WORK INSTRUCTION
Could you reproduce, word for word, everything below from the line containing "マントは二つ割れのレオン式。" down to the line containing "Testing out the", with both of those lines included and no others?

EXERCISE DATA

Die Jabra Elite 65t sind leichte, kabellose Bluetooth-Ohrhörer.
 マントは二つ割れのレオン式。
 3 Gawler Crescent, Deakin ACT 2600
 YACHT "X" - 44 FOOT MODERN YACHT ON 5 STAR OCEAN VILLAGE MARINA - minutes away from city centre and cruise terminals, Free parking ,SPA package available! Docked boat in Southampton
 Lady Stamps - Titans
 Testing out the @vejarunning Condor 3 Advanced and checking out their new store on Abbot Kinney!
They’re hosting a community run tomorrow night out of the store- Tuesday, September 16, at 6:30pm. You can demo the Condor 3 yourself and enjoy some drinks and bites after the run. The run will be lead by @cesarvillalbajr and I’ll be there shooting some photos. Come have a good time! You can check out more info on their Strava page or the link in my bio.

TASK RESULT
 マントは二つ割れのレオン式。
 3 Gawler Crescent, Deakin ACT 2600
 YACHT "X" - 44 FOOT MODERN YACHT ON 5 STAR OCEAN VILLAGE MARINA - minutes away from city centre and cruise terminals, Free parking ,SPA package available! Docked boat in Southampton
 Lady Stamps - Titans
 Testing out the @vejarunning Condor 3 Advanced and checking out their new store on Abbot Kinney!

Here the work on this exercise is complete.